E note-se que nem a composição da Comissão da Carteira Profissional devolve suficientemente aos jornalistas a observância da sua deontologia, por isso que metade dos que ali têm assento representam, de acordo com o n.º 2 do novo artigo 18.º-A, "os operadores do sector" .
Mas existe uma razão adicional - quiçá até mais ponderosa - para se não subscrever o modelo sancionatório em apreço.
É que ele criará, desnecessariamente, conflitos positivos de competência entre a CCPJ e a ERC, no que se prende com a avaliação do cumprimento dos deveres exigíveis aos jornalistas. Tal risco resulta óbvio do que dispõem dois preceitos dos Estatutos anexos à Lei n.º 53/2005, de 8 de Novembro:

- Artigo 7.º, alínea c), em matéria de objectivos de regulação a prosseguir pela ERC: "Assegurar que a informação fornecida pelos prestadores de serviços de natureza editorial se pauta por critérios de exigência e rigor jornalísticos, efectivando a responsabilidade editorial perante o público em geral dos que se encontram sujeitos à sua jurisdição, caso se mostrem violados os princípios e regras legais aplicáveis";
- Artigo 24.º, n.º 3, alínea a), quanto às competências do conselho regulador da ERC: "Fazer respeitar os princípios e limites legais aos conteúdos difundidos pelas entidades que prosseguem actividades de comunicação social, designadamente em matéria de rigor informativo e de protecção dos direitos, liberdades e garantias pessoais".

Mesmo que se pretenda que a CCPJ terá alçada sobre os jornalistas, e a ERC sobre os órgãos de comunicação social, nem por isso os riscos de contradição de apreciações são menos candentes: a avaliação do rigor informativo está na base de qualquer juízo de valor que se possa fazer sobre condutas jornalísticas, não sendo aceitável que entidades diferentes possam dar origem a pronunciamentos contraditórios a respeito de um mesmo assunto.
Eis por que se devem suscitar as maiores reservas ao modelo preconizado pelo anteprojecto, para efectivação da responsabilidade "disciplinar" nele prevista. Em alternativa, poderia devolver-se aos meios profissional e empresarial, pela via da auto-regulação, aquilo que é o cerne da deontologia - a expressão de uma consciência metajurídica, revelada de dentro para fora do subsistema mediático .
Não se ignoram as dificuldades de que se reveste a mobilização de todas as partes interessadas, profissionais e empregadores, para alcançar esse desiderato. Existem, porém, sinais na sociedade civil de que ele é alcançável: muito recentemente, a Confederação Portuguesa de Meios de Comunicação adoptou a sua "Plataforma de Auto-Regulação de Conteúdos Informativos", assim dando um passo significativo para a criação de uma disciplina ética susceptível de abarcar o sector empresarial.
Uma empenhada contribuição dos poderes públicos, que promova e articule esta e outras iniciativas congéneres, pode conferir-lhes a necessária visibilidade e solidez, a par do reconhecimento público indispensável ao bom desempenho do seu papel auto-regulador.
A promoção de mecanismos de co-regulação e auto-regulação junto das entidades que prosseguem actividades de comunicação social assim como dos sindicatos e associações do sector é, aliás, uma das incumbências fundamentais fixadas à ERC pelos seus Estatutos (artigo 9.º).

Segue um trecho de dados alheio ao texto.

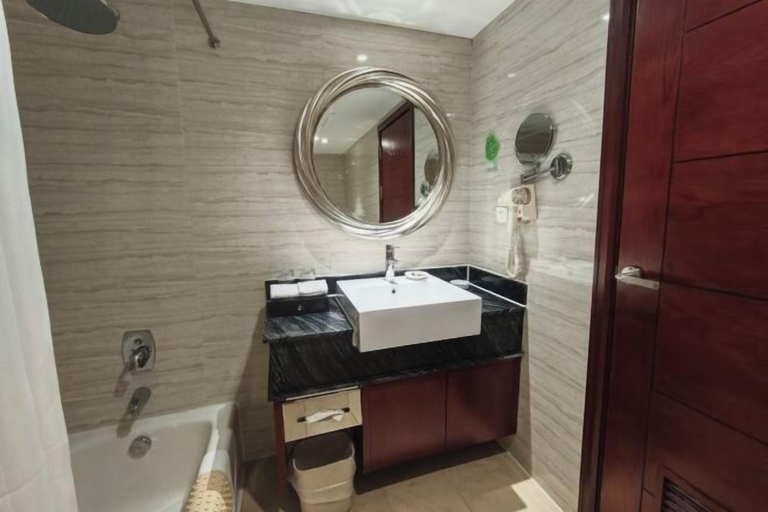 Bathroom 4, Guilin Park Hotel, Guilin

Lisboa, 23 de Março de 2006.

A Divisão de Redacção e Apoio Audiovisual.

No que se pode detectar uma outra contradição do diploma: o legislador pretende dar voz, no domínio da ética jornalística, a entidades (as empresas proprietárias de órgãos de comunicação social) que nela não estão inseridas, por não terem tido qualquer papel interventor na produção das correspondentes normas.
Em oposição, pois, ao movimento de sentido contrário - da organização estatal para a comunidade mediática - subjacente ao articulado em apreço.